How to complete this task
Please copy exactly the line containing "Louis Vuitton Shoulder" and every line after it, through the last line of the records below, leaving out all pictures.
====== Data records ======
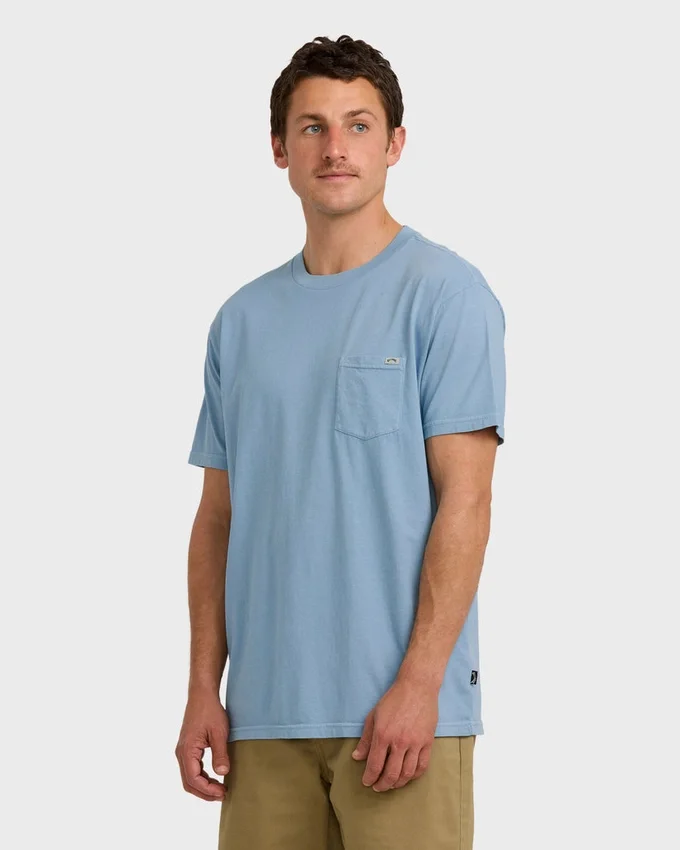 Camiseta Essential Premium Wave Wash Camiseta Essential Premium Wave Wash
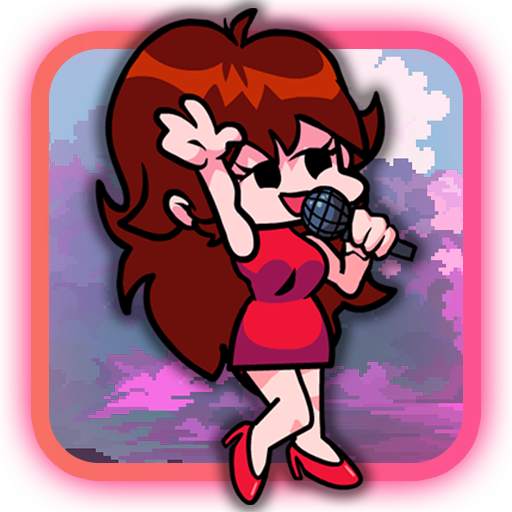 Friday Funny mod GF Dance/Song simulator 2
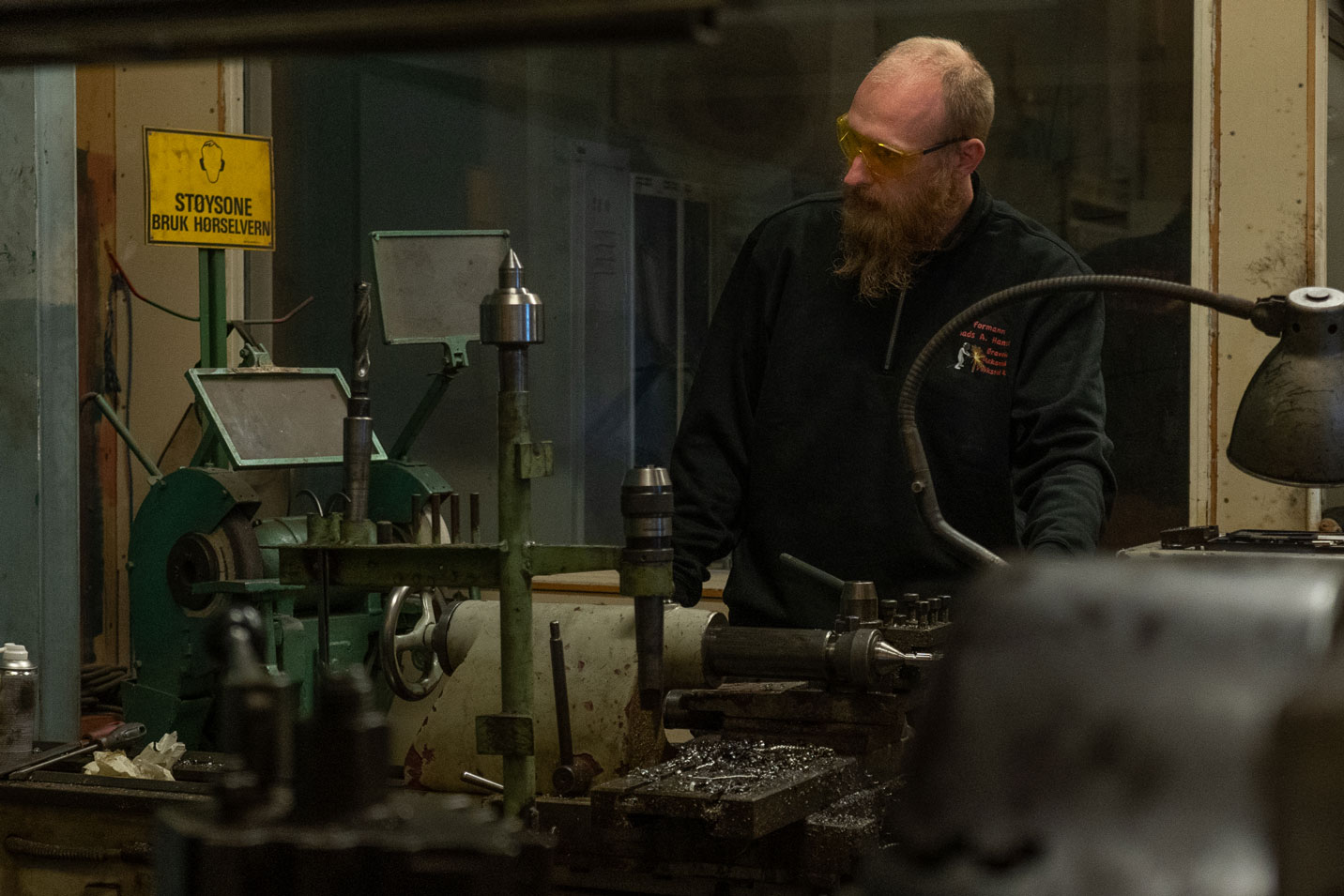 Fabrikkering alt innen metall. Øraveien Mekaniske Verksted Fredrikstad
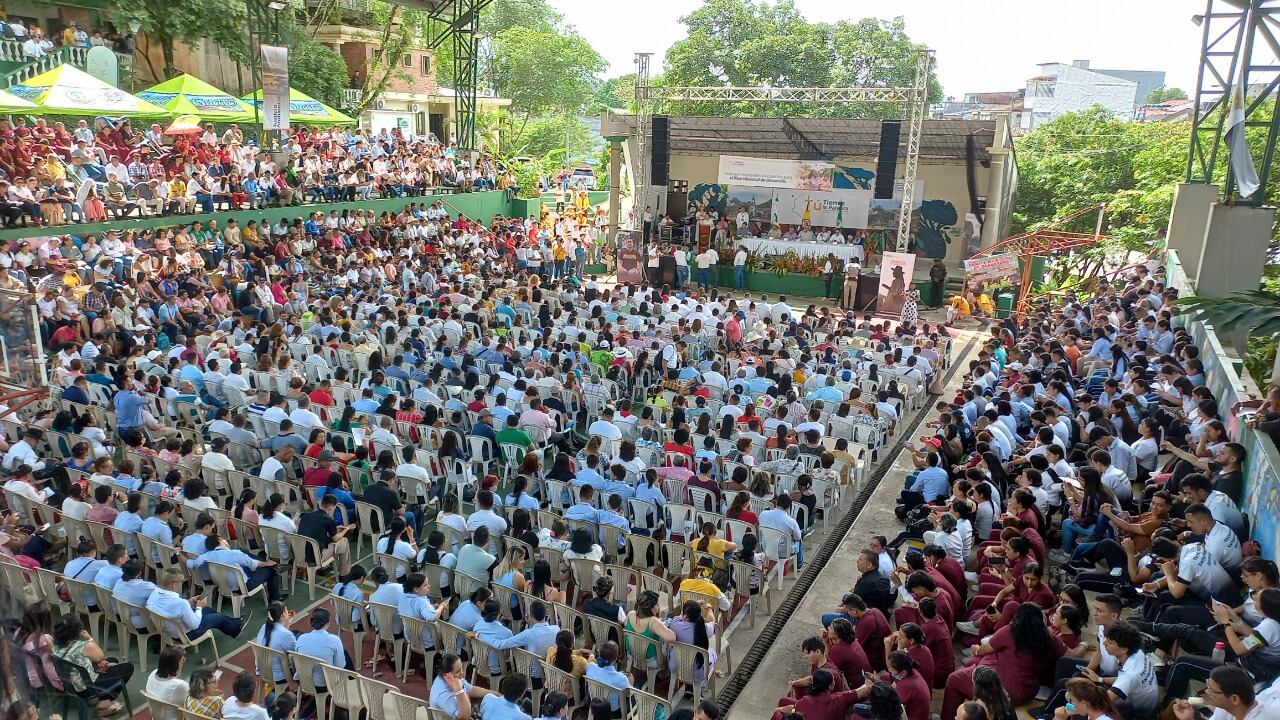 Dentro de las necesidades más sentidas de esta región está el de inversión para evitar hechos de violencia.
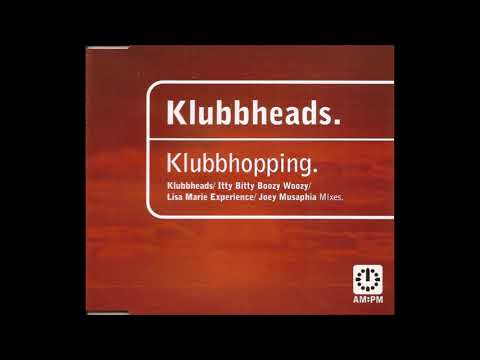 Klubbheads - Klubbhopping (Extended Mix)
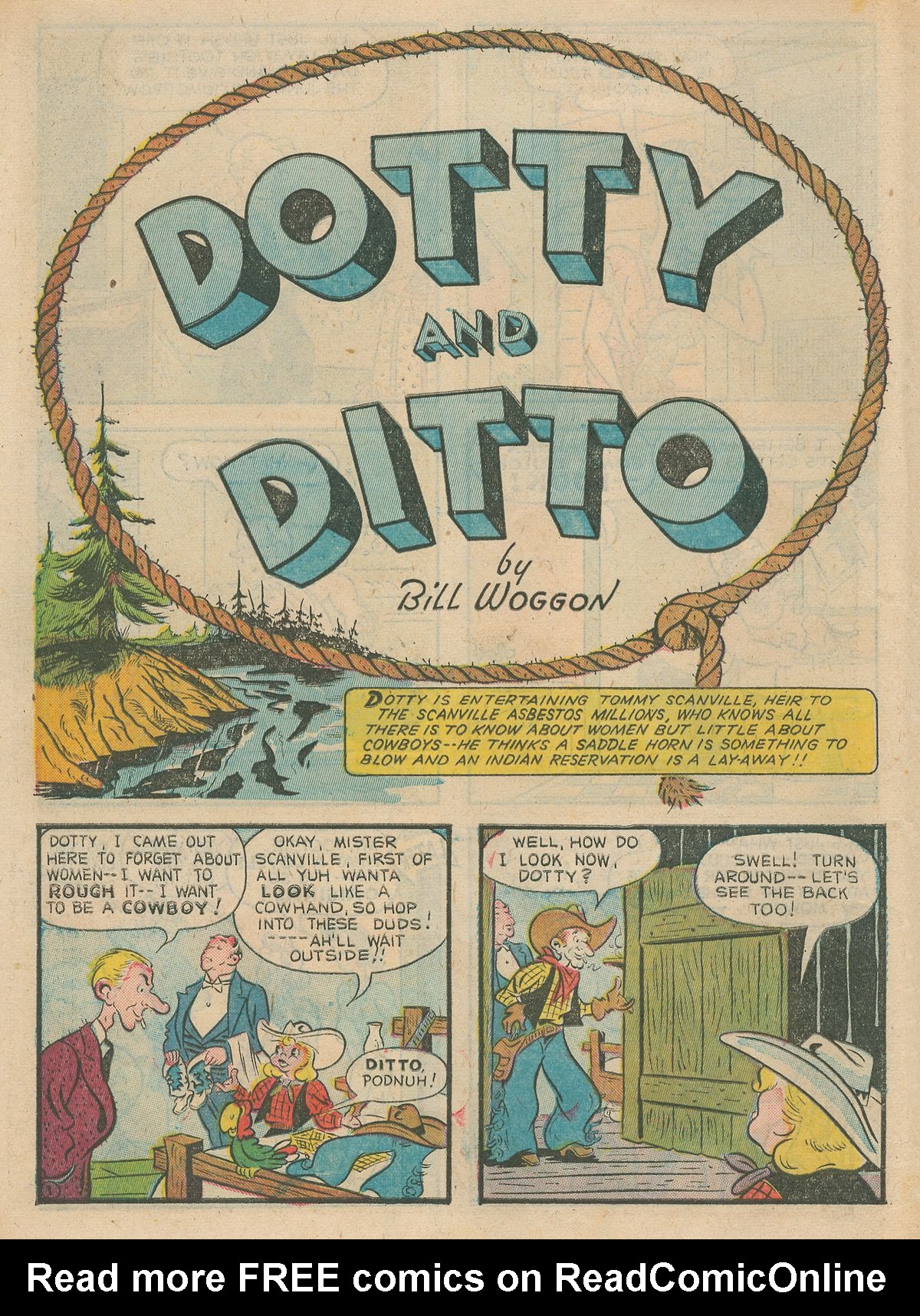 Read online Laugh Comix comic -  Issue #46 - 35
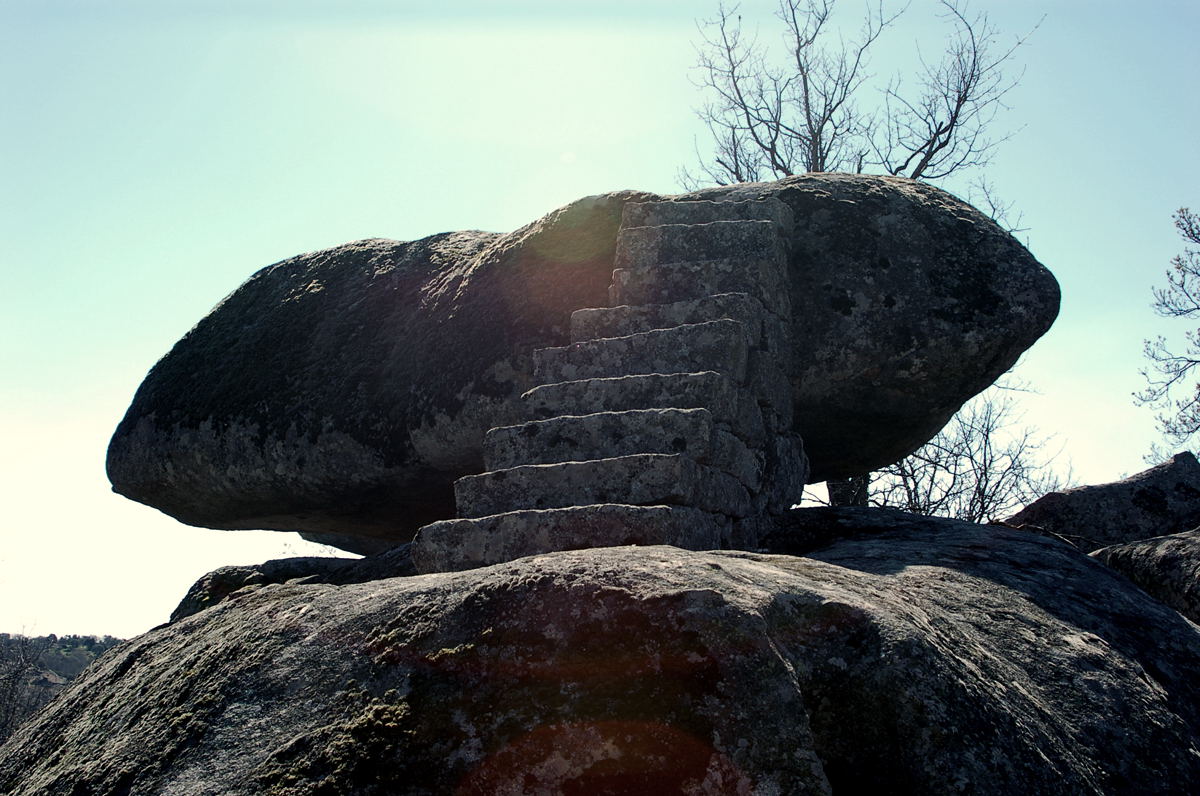 Foto de El Escorial (Madrid), España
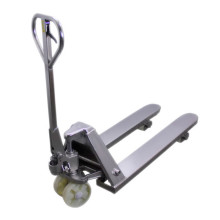 Гидравлическая тележка Tisel TZ-20 (нержавейка) Гидравлическая тележка Tisel TZ-20 (нержавейка)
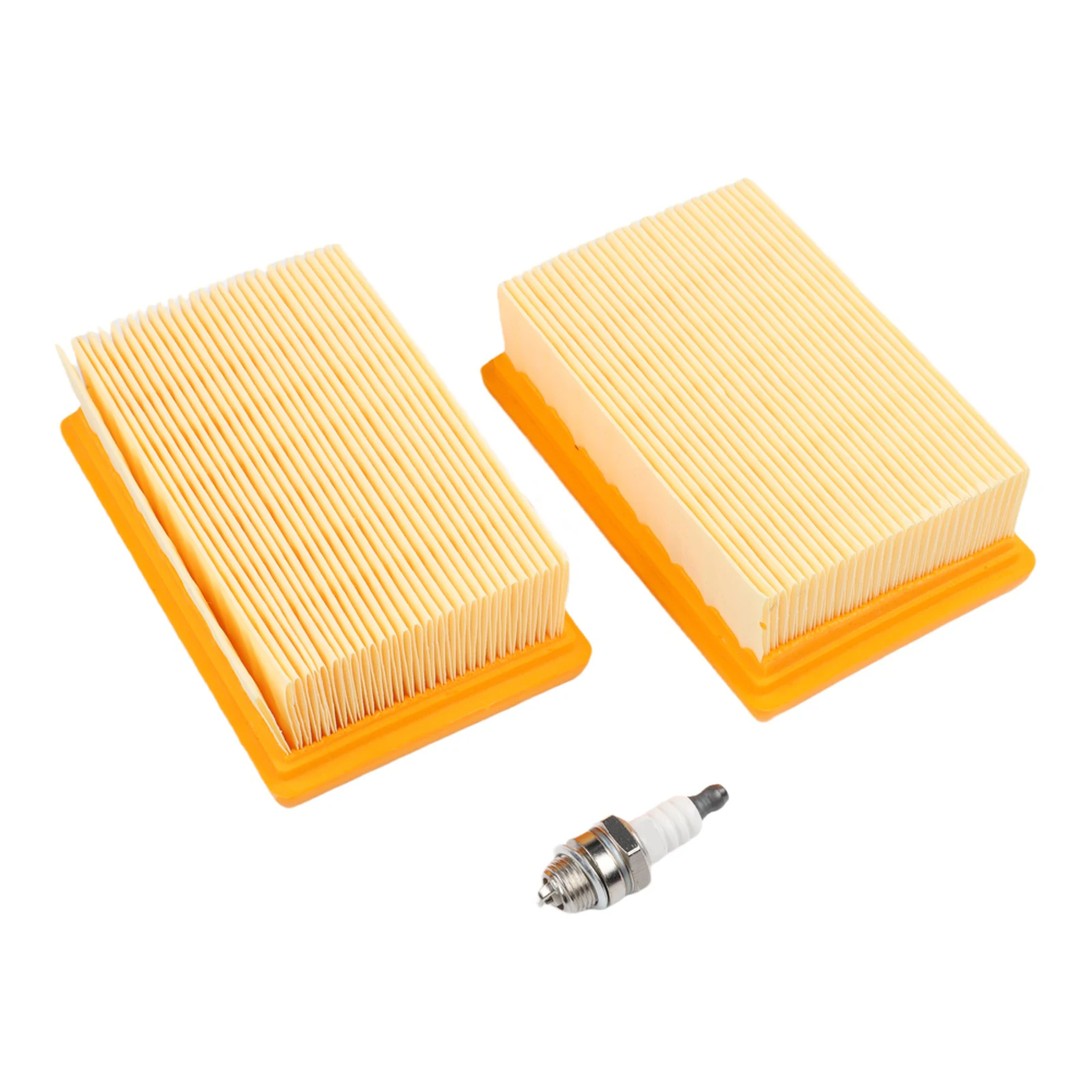 Easy Install Air Filter Air Filter Air Filter Kit 4223-141-0300 Tool-free Installation Improves Engine Efficiency For Lawn Mower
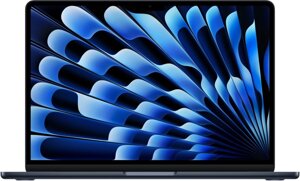 Ноутбук Apple MacBook Air A3240 M4 10 core 16Gb SSD512Gb/10 core GPU 13.6" Liquid Retina (2560x1664) macOS midnight
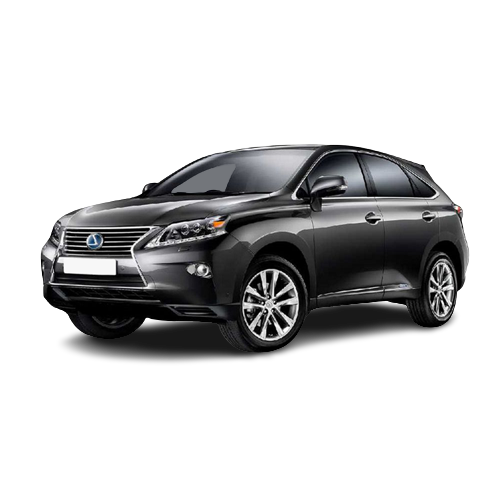 Lexus RX 2008 - 2015 AL10 - Elite | Dodo® Car Mat Malaysia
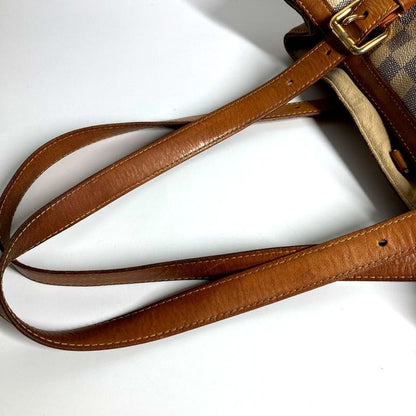 Louis Vuitton Shoulder Bag Hampstead MM Hampstead MM N51206 Damier Azure Canvas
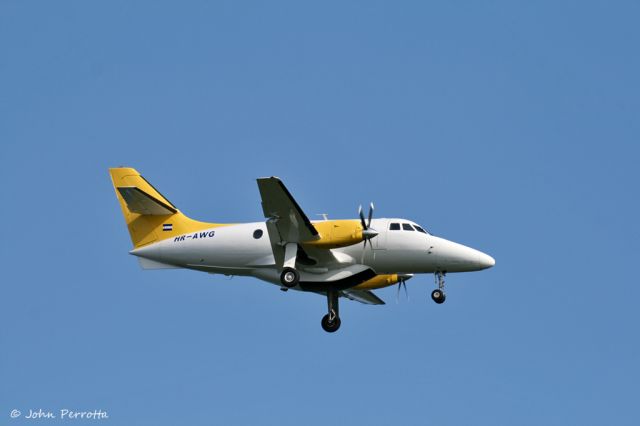 British Aerospace Jetstream 31 (HR-AWG)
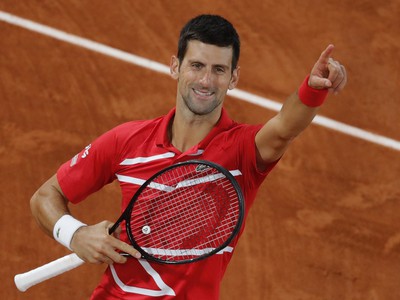Novak Djokovič postúpil do finále Roland Garros 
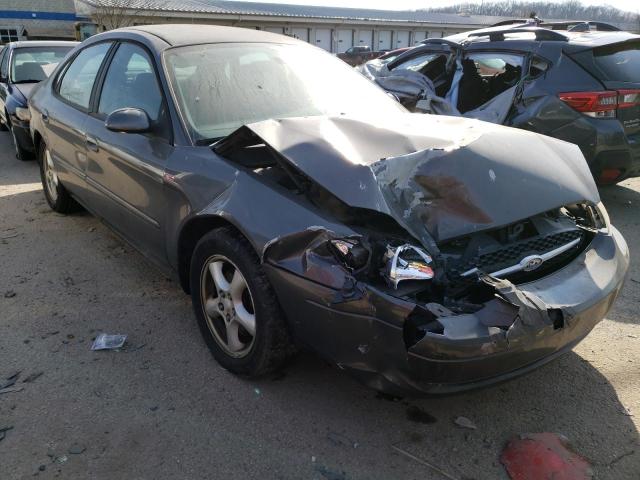 FORD TAURUS SE 2003 with VIN 1FAFP53U53G238316 - Photo from auction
======
Solution to the exercise
 Louis Vuitton Shoulder Bag Hampstead MM Hampstead MM N51206 Damier Azure Canvas
 British Aerospace Jetstream 31 (HR-AWG)
Novak Djokovič postúpil do finále Roland Garros 
 FORD TAURUS SE 2003 with VIN 1FAFP53U53G238316 - Photo from auction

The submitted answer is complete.